The exact mechanism for the benefit experienced as a result of the loud background sound is unclear. One possibility is that it acts as white noise that blocks out other external or internal distractors and helps participants focus on the visual search task. This would be in line with studies that have found improved performance for students facing attention barriers. For example, some have found that for children diagnosed with ADHD, the presence of white noise reduced omission rates on a No/Go task (Baijot et al. 2016). Alternatively, the sounds could provide a level of stimulation that helps neurodivergent participants remain alert and on task. This would be in line with studies that have found differential impacts for noise across children with different attention profiles (Söderlund et al. 2010). There is also the possibility that both and/or other mechanisms are at work here. Further research is needed to determine how and why sound improves neurodivergent participants’ performance, whether it is true of other sensory modalities, and whether certain types of sound or other stimulation could provide greater benefit or improved performance without negatively impacting any of the participants.

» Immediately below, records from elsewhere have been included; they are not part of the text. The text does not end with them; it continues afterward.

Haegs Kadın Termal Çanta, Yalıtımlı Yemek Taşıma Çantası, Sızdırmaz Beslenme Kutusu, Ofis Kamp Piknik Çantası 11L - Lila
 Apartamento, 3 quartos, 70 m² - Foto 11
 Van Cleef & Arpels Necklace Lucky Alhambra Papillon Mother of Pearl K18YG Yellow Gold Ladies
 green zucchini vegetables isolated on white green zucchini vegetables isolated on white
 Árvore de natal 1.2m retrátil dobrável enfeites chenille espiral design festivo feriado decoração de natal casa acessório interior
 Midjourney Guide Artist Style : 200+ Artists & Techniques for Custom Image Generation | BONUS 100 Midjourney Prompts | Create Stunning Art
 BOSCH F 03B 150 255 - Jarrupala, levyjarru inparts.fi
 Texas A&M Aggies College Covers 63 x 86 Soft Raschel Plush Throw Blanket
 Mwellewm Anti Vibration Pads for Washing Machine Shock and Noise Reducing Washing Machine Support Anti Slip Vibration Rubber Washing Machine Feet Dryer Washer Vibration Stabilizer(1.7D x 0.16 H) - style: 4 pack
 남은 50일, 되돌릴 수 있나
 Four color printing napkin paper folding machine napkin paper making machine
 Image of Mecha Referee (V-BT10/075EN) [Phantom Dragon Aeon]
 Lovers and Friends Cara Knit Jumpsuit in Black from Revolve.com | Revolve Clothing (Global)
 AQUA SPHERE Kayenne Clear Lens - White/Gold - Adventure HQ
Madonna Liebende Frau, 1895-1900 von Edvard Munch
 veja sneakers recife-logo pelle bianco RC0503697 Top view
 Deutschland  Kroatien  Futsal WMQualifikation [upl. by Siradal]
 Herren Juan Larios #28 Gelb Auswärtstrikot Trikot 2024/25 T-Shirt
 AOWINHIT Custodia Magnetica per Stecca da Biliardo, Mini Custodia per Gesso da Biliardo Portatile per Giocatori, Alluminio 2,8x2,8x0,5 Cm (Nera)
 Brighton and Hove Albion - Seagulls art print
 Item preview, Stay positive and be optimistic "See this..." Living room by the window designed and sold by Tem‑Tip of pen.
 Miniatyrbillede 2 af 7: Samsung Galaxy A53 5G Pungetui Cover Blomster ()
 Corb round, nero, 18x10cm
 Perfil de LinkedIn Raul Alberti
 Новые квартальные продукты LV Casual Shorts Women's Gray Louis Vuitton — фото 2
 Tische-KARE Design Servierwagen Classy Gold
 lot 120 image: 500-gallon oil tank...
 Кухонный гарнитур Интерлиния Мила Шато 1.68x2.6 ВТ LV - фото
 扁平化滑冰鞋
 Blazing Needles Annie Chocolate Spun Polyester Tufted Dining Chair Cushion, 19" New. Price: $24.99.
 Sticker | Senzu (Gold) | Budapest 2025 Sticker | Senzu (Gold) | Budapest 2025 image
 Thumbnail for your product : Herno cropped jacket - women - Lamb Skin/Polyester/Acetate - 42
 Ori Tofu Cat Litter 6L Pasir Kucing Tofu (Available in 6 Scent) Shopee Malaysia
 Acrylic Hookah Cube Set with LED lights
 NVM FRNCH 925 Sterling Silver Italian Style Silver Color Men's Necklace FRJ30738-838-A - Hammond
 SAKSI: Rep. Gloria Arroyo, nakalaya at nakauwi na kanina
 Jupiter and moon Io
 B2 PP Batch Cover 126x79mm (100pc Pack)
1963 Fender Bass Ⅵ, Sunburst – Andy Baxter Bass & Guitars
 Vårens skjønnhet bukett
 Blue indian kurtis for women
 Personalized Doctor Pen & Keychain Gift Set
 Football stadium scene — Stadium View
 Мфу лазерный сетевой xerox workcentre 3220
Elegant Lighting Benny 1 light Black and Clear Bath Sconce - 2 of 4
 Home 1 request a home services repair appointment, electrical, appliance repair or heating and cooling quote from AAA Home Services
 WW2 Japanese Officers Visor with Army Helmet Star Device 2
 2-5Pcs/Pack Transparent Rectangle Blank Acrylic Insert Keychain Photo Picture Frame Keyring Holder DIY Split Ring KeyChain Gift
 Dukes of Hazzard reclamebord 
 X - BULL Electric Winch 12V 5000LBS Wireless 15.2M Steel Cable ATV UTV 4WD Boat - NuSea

This study has several limitations worth bearing in mind when considering the impacts of these findings. First, it is important to note that neurodiversity status and other demographics are based on participant self-reporting. Future research should focus on specific aspects of cognitive processing and screen based on those aspects to better characterize differences across the population. In addition, it is possible that research designs using different stimuli may elicit different findings. This seems unlikely in terms of the targets and distractors, as well as the lighting conditions, since this study’s findings are in line with similar work in the field. It is possible, however, that different types and volumes of sound or other stimuli may elicit different impacts on performance. Future work in this area should explore how a range of different types of background stimuli may impact performance.

6 Conclusions and implications

These results carry important implications for designers and developers creating content for neurodivergent participants in VR environments. Design is often guided by participant feedback and preference, and while this is valuable, it does not always translate into superior or improved performance. The background sound in this study was specifically selected to be at the edge of what participants would find tolerable, and indeed, many found it jarring, especially at first. However, the fact that it led to an improvement in neurodivergent participant performance carries important implications for testing the impact of design elements on performance, in addition to collecting feedback on user preference. In prior work by the authors (Dahlstrom-Hakki and Alstad 2019), a similar discrepancy was observed between students’ stated preferences and performance. Understanding these differences may be particularly important for VR educational interventions, where improvements in learning and performance are especially critical and may need to be balanced against elements of the design purely focused on participant comfort or enjoyment.